**Dataset extract:**
+===+

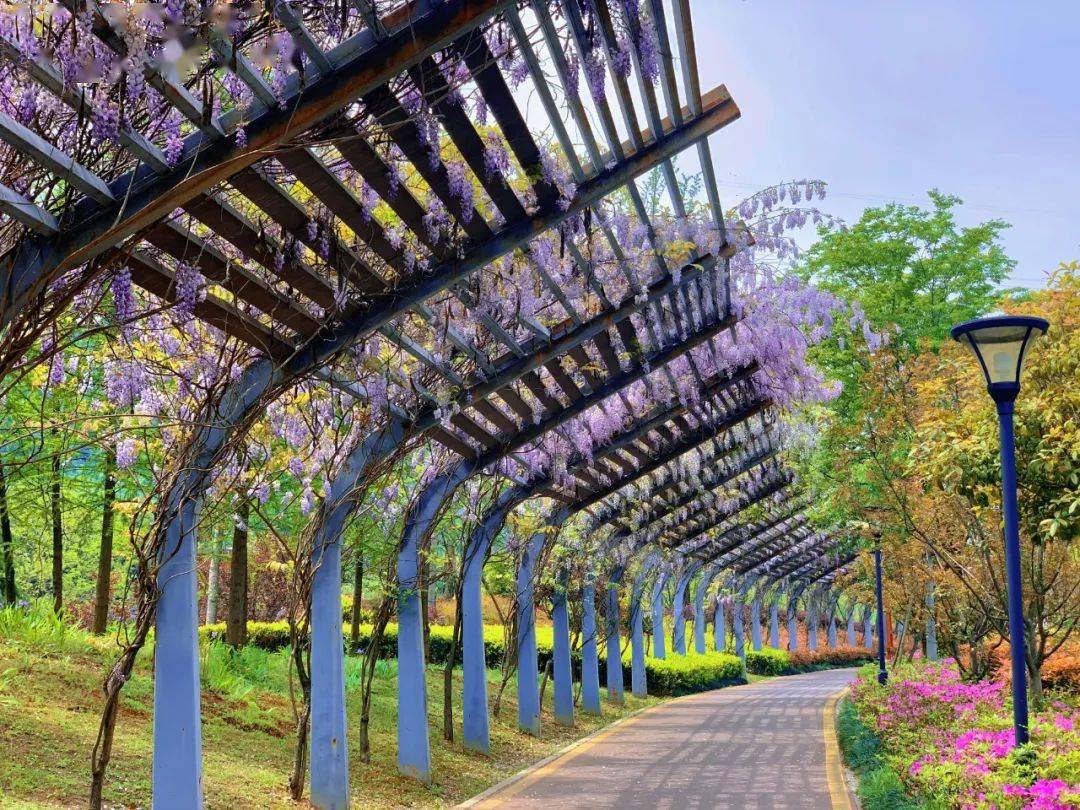 这个地方,你肯定没去过~_紫藤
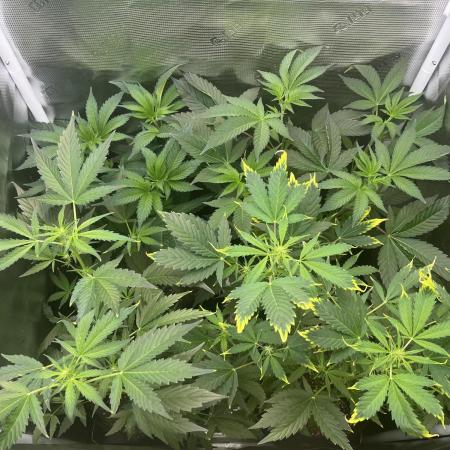 Rosin Grow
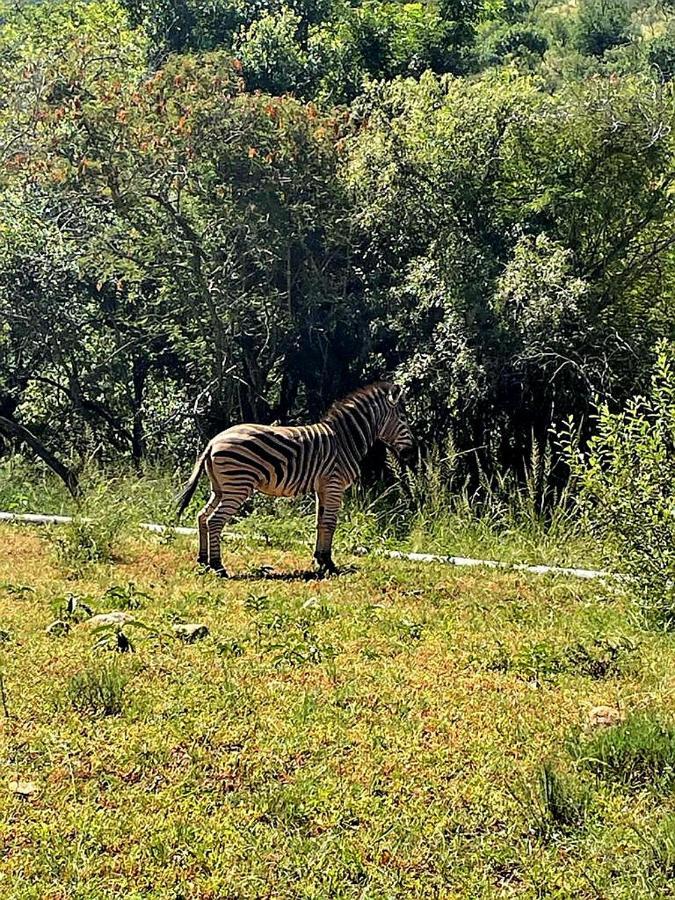 דירות ליידנבורח 66 Sharalumbi Wildlife Estate מראה חיצוני תמונה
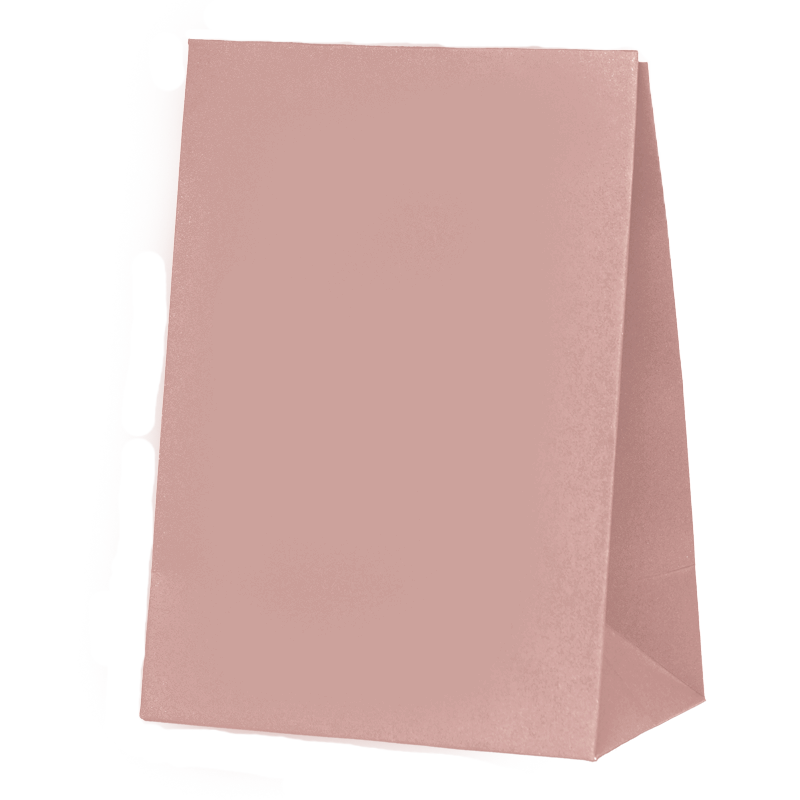 Paper Party Bags - Rose x10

+===+

Pictures are to be left out; repeat all the remaining data exactly.

 这个地方,你肯定没去过~_紫藤
 Rosin Grow
 דירות ליידנבורח 66 Sharalumbi Wildlife Estate מראה חיצוני תמונה
 Paper Party Bags - Rose x10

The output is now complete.